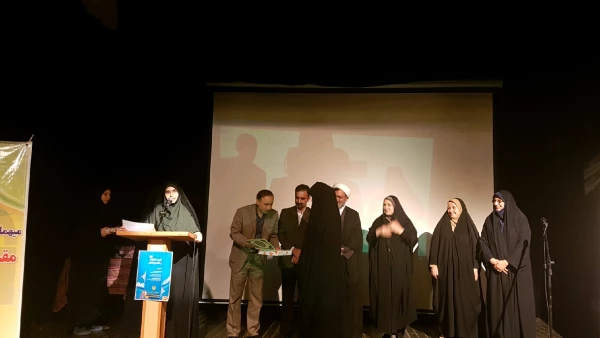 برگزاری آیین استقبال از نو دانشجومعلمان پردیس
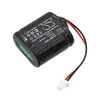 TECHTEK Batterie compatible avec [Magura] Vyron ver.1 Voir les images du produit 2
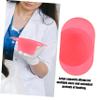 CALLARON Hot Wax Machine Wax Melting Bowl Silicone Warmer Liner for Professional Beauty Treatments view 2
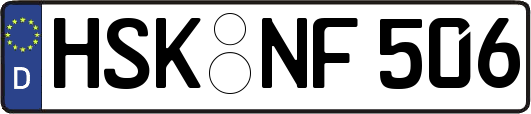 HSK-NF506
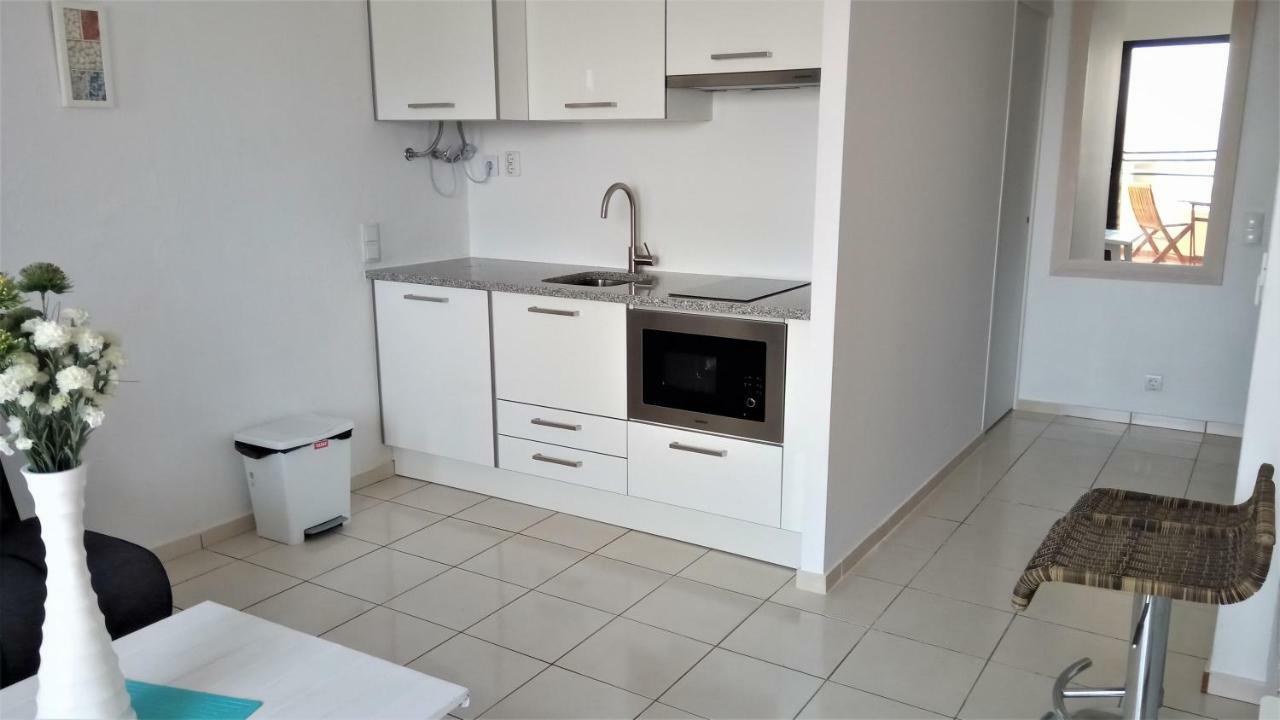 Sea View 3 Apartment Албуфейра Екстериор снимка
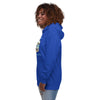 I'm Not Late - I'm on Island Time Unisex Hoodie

-*-*-

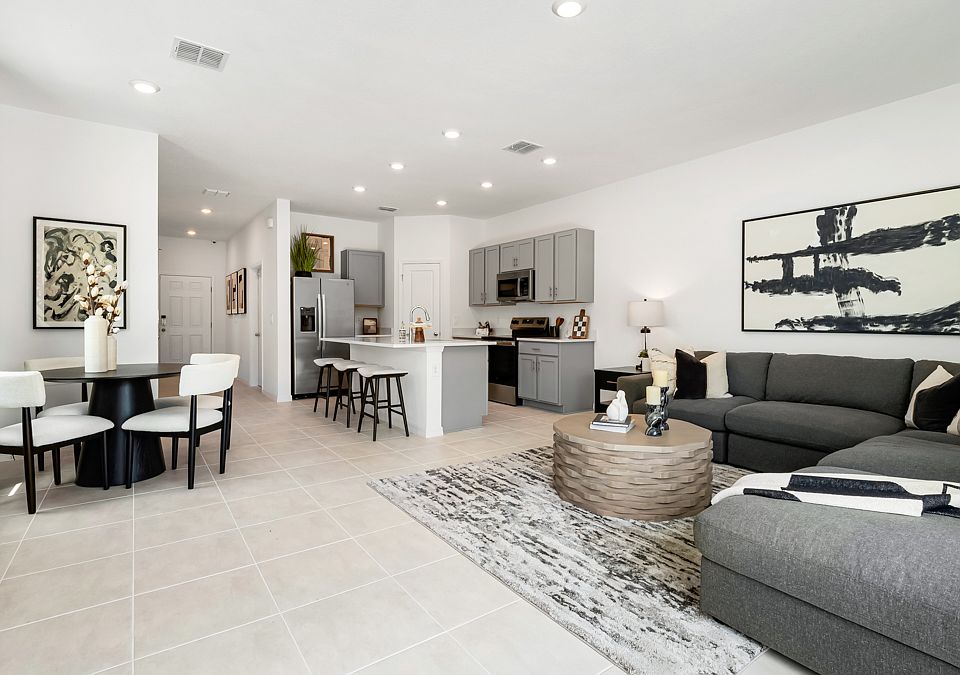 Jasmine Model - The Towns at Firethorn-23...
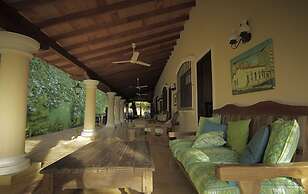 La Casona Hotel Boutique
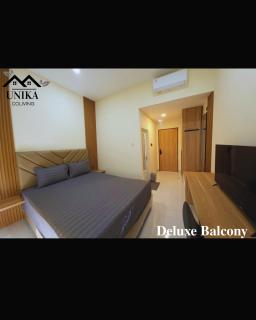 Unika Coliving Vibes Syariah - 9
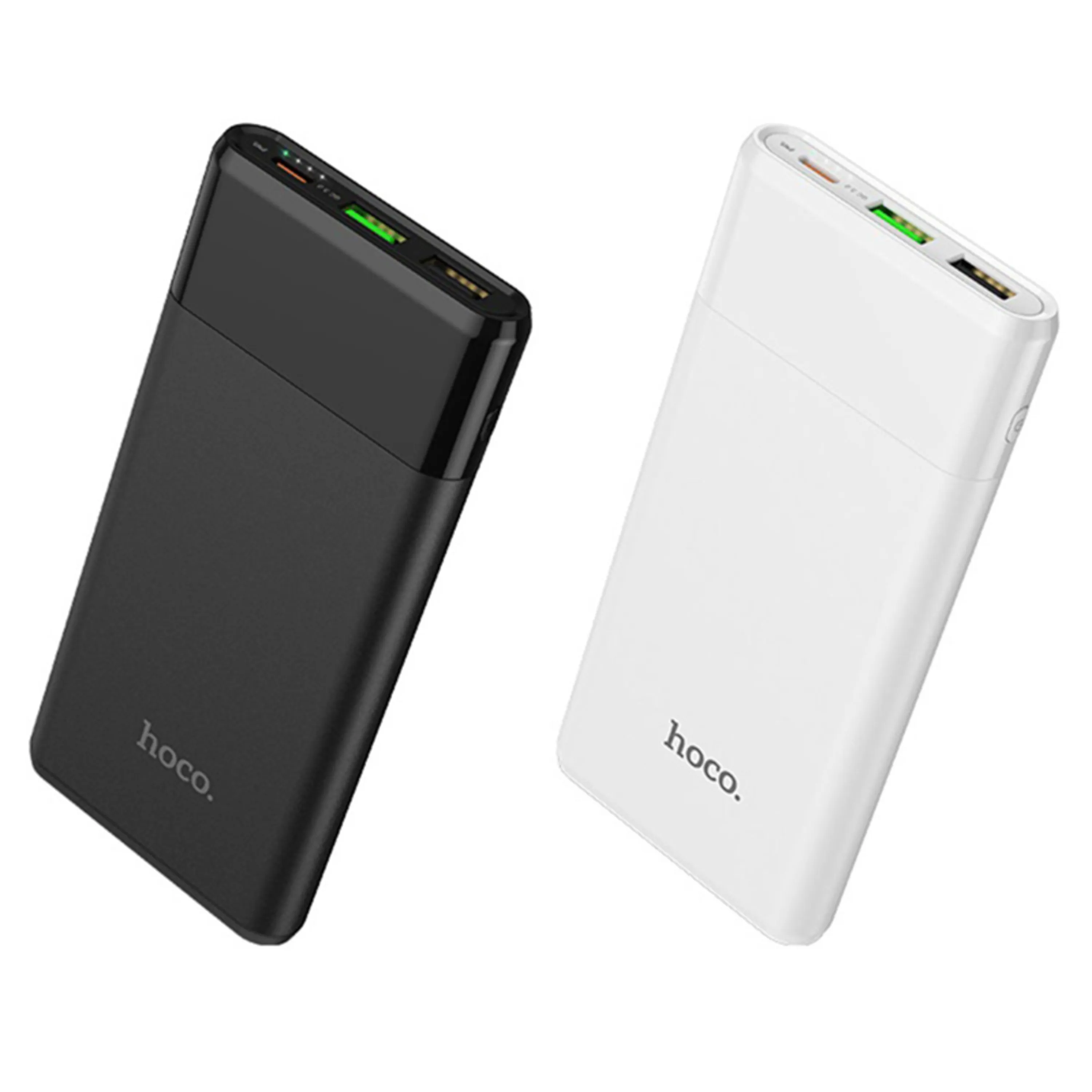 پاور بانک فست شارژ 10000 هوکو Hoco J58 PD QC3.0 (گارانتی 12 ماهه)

-*-*-

In the listing above, find the line holding "La Casona Hotel Boutique" and the line holding "پاور بانک فست". Reproduce those two lines and all between them exactly, leaving out pictures.

 La Casona Hotel Boutique
 Unika Coliving Vibes Syariah - 9
 پاور بانک فست شارژ 10000 هوکو Hoco J58 PD QC3.0 (گارانتی 12 ماهه)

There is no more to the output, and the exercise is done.